The primary goals of this project were:
- Implement different versions of stream compaction on the GPU.
- Compare them against a CPU baseline.
- Investigate performance characteristics and bottlenecks.
- Simple sequential compaction for correctness verification and timing comparison.
- Iterates through input array, writing out only non-zero elements.
- Performs compaction in three steps:
- Map to Boolean: Marks non-zero entries as 1 and zeros as 0.

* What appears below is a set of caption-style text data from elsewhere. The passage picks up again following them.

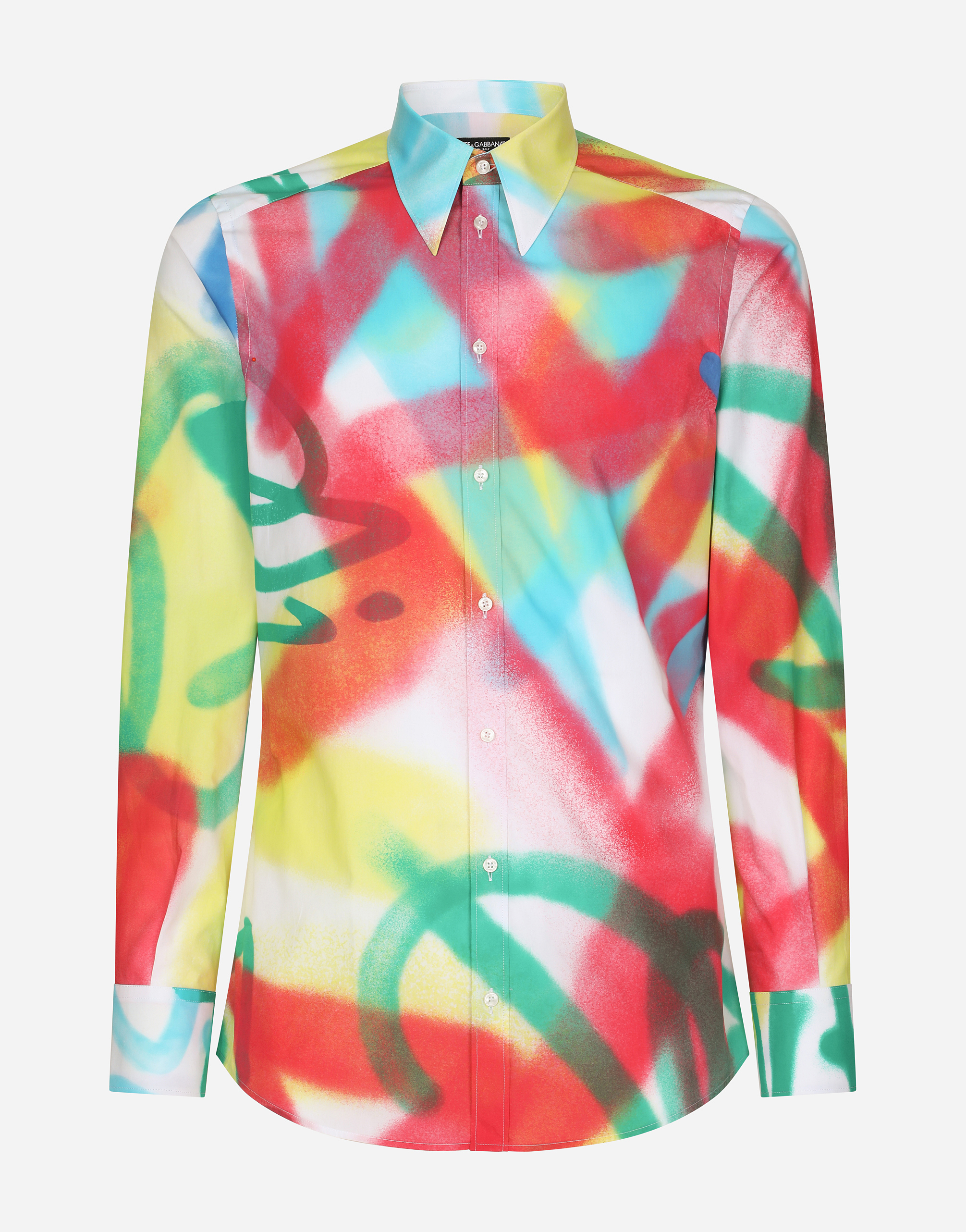 Cotton Martini-fit shirt with spray-paint graffiti print in Multicolor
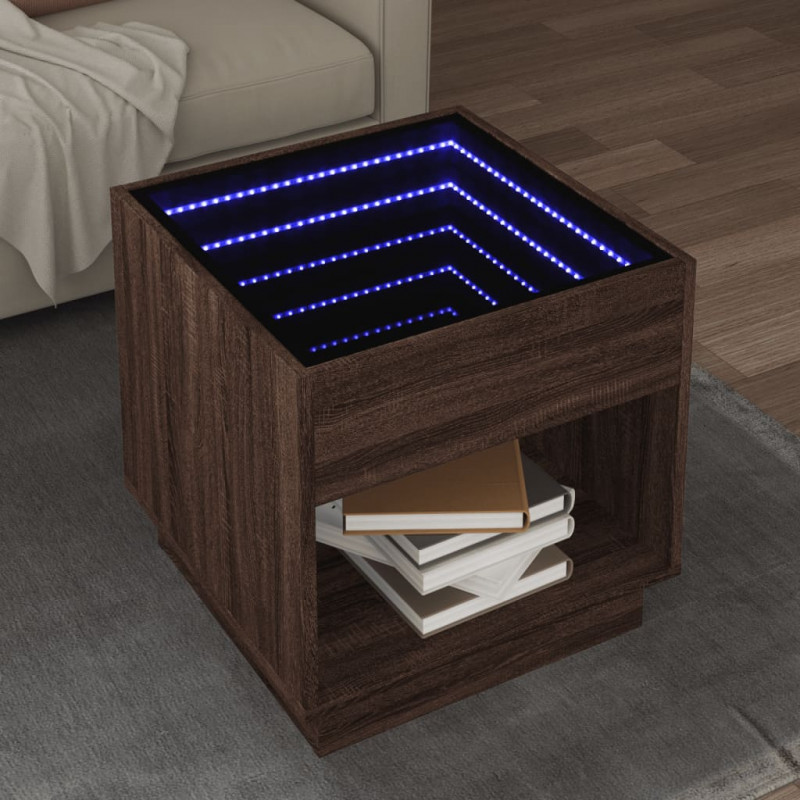 Stolik kawowy z LED Infinity, brązowy dąb, 50x50x50 cm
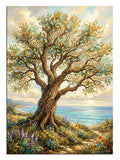 zeytin ağacı, deniz manzarası, doğa, huzur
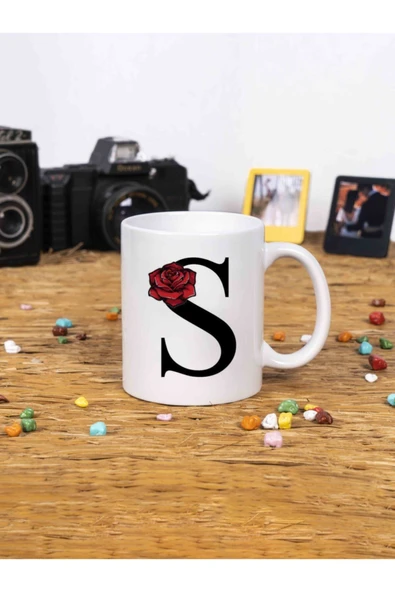 Panorama Ajans Gül Rose Flower Tasarım Alfabe Kupa Seti S Harfi Beyaz Kupa Bardak ürün görseli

- Exclusive Scan: Computes destination indices for the non-zero values.
- Scatter: Writes non-zero values to compacted output using scanned indices.
- Textbook parallel scan with ( O(n log n) ) operations.
- New kernel launched at every depth level.
- Upsweep and downsweep phases for ( O(n) ) total work.
- Multiple kernel launches for each pass.
- Uses block-level shared memory to reduce global memory traffic.
- Suitable for small arrays or single-block inputs.
- Calls
thrust::exclusive_scan()as a baseline for optimized GPU performance.
- Implements a multi-pass Least Significant Bit (LSB) radix sort for 32-bit integers.
- Each pass processes a single bit of all elements, classifying values based on 0 or 1 at that bit.
- Performs bit extraction, scan on inverted bits, and scatter to sort data based on the current bit.
- Uses the previously implemented work-efficient scan as a prefix sum primitive.
- Buffers are swapped each round to maintain sorted data across 32 passes.
- Suitable for sorting integer keys; stable and parallel-friendly.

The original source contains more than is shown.